That being said, I have never had any success with their scanners or with scanning with an HP all-in-one.
Oh, my standalone scanner will work with sane/xsane, but it makes the scanner run very slowly, puts out an grossly inferior product and the resulting files are huge!
Over the years I've spent many hours trying to tweak xsane, but the output continues to be so bad I would be embarrassed to to send the file on, regardless of how the documents will eventually be used.
So, as previously mentioned, I have Xp running VB, just to run the scanner.

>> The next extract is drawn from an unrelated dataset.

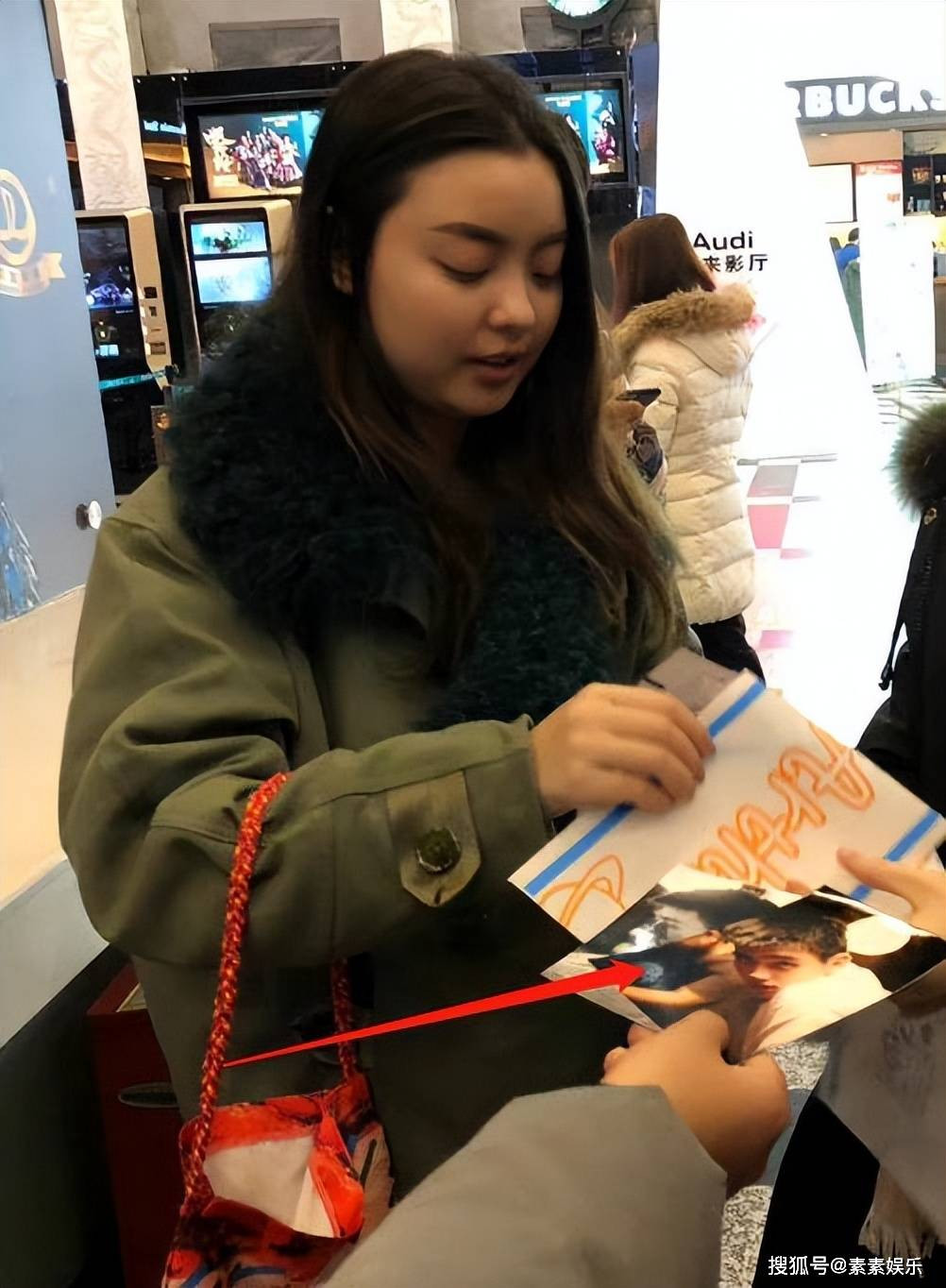 Một số hình ảnh cũ trong quá khứ đã được cư dân mạng nhặt lại, tin tức được xác nhận là: Diệc Lâm từng là fan của Trần Phi Vũ, đã kết hôn và có một đời chồng, và hiện là một 'hotgirl trên mạng". Ngoài ra, còn có một số video phỏng vấn cô ấy khi cô ấy còn là một diễn viên cùng nhiều hoạt động quảng cáo khác nhau cũng đã được tải lên, nhưng Diệc Lâm dường như không có tác phẩm điện ảnh nào thực sự để mang đến cho mọi người.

Just to be clear, there is nothing wrong with the HP scanner, it is solid well built machine.
The problem is the Linux drivers.
It is another one of those cases where we, the Linux community, seem to be playing catch up with a 12 years old operating system, Xp, and makes one think perhaps they should just bite the bullet and uses ms-winblows. For all we say bad things we said about it (I just don't like mickeysoft and their lack of business ethics), the tasks I need to do daily for business, just work in Xp, but they are always seems to be a problem that needs tweaking in Linux.. or just doesn't work quite right.. or doesn't work at all...
ms-winblows in the 800 pound gorilla so I understand why many open source projects write with it in mind.
Unfortunately, it seems that all printer companies have agreed to make the printers cheap and the ink super expensive and hard to refill. If I knew a company that did not do this and did support Linux to a reasonable extent, I would use it.
Very probably scanning in raw and saving in a compressed image format solves your problem.
Scanning in RAW?
The closest you will come to that in XSane would be TIFF and that would just slow down the process even further.
Scanning in RAW means to choose None or RAW for compression in the advanced options window of xsane. I purposely mentioned "saving ..." in contrast to "scanning ..." in case you confuse scanner data compression with image file format.
The format TIFF has no indication of the kind of compression (compressed/uncompressed, lossy/lossless, or anything alike).
But if you are sure you can scan in TIFF could you post a screenshot to show how it can be set up? I really wish to learn new things. Thanks!